Reliability of non-repairable phased-mission systems with propagated failures

Highlights

• Reliability of non-repairable phased-mission systems with propagated failures is analyzed.

• The proposed method considers time-varying, phase-dependent failure rates and associated cumulative damage effects for the system elements.

• The proposed method is recursive and can be fully automated.

Abstract

In this paper, we propose a recursive and exact method for reliability evaluation of phased-mission systems with failures originating from some system elements that can propagate causing the common cause failures of groups of elements. The system consists of multiple, consecutive, non-overlapping phases of operation, and non-identical binary non-repairable elements that can fail individually or due to propagated failures originating from other elements. The overall system can have binary states corresponding to the mission success and failure or multiple states characterized by different levels of system performance. Based on conditional probabilities as well as the branch and bound principle, the proposed method takes into account dynamic changes in system structure and demand across different phases. It also considers time-varying, phase-dependent failure rates and associated cumulative damage effects for the system elements. The main advantage of this method is that it does not require composition of decision diagrams and can be fully automated. Both an analytical example and a numerical example are analyzed to illustrate the proposed method.

Introduction

In many practical applications such as aerospace, nuclear power, airborne weapon systems, and distributed computing systems, the system mission involves multiple, consecutive and non-overlapping phases of operation [1], [2], [3], [4], [5]. During each phase, the system has to accomplish a specified task and may be subject to different stresses and environmental conditions as well as different reliability requirements [1]. Thus, system configuration, success criteria, and component failure behavior may change from phase to phase. For a particular example, a Mars orbiter mission system involves launch, cruise, Mars orbit insertion, commissioning, and orbit phases that must be accomplished in sequence [2]. Those systems are referred to as phased-mission systems (PMSs).

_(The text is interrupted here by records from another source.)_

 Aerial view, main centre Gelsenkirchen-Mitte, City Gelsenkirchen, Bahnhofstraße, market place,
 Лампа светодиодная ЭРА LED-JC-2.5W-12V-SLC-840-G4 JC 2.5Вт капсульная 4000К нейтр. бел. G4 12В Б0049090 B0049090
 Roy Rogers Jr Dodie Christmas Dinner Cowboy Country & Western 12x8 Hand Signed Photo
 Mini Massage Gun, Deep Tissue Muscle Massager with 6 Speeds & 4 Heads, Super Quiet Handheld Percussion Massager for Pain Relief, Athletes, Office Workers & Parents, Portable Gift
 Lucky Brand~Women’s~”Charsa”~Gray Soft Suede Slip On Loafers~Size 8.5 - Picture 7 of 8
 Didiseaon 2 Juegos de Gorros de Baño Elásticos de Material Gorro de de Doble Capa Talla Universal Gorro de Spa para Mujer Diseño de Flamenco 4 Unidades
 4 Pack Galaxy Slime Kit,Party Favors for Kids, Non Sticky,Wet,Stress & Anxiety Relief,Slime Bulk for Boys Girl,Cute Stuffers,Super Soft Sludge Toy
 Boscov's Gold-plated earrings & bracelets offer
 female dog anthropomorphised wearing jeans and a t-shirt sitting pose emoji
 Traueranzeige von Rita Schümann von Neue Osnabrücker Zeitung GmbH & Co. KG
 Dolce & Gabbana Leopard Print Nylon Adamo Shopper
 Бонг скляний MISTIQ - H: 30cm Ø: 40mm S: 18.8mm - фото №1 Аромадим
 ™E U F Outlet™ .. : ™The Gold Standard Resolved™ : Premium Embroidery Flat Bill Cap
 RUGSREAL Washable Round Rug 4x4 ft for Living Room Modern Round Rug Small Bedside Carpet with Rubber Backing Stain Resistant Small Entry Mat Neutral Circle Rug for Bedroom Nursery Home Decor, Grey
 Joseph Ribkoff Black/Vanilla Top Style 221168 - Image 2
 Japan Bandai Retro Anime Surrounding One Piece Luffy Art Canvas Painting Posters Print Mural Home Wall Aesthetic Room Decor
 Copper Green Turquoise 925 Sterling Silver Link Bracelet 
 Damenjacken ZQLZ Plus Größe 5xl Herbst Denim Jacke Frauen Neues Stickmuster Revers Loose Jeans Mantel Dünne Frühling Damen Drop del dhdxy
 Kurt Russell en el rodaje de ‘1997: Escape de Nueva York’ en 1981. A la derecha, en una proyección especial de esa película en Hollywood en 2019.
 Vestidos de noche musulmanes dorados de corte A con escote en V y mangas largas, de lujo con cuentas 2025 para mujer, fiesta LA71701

The dynamics in system configuration and component behavior typically requires a distinct model for each phase of the PMS, which poses unique challenges to existing reliability analysis methods. Further complicating the analysis of PMS is statistical dependence across different phases for a given component. For example, the state of a component at the beginning of a phase should be identical to its state at the end of the previous phase in a non-repairable PMS [6]. Various approaches have been developed for the reliability analysis of PMS. They can be divided into two classes: analytical modeling and simulations [7], [8]. The analytical modeling approaches can be further classified into three categories: combinatorial methods (e.g., binary decision diagrams) [6], [9], [10], [11], state-space oriented approaches based on Markov chains or/and Petri nets [12], [13], [14], [15], and a phase modular approach that combines the former two methods as appropriate [16], [17]. A state-of-the-art review of reliability modeling and analysis techniques for PMS is provided in Ref. [18]. However, even with advances in computing technology, only small-scale PMS problems can be solved accurately due to high computational complexity of the existing methods.

Recently Ref. [19] proposed an efficient and exact method for the reliability evaluation of non-repairable PMS with the arbitrary system structure and non-identical binary-state elements. In this paper we extend the method in Ref. [19] to the case of PMS with propagated failures assuming that failures originating from some system elements can propagate causing the common cause failures (CCF) of groups of elements.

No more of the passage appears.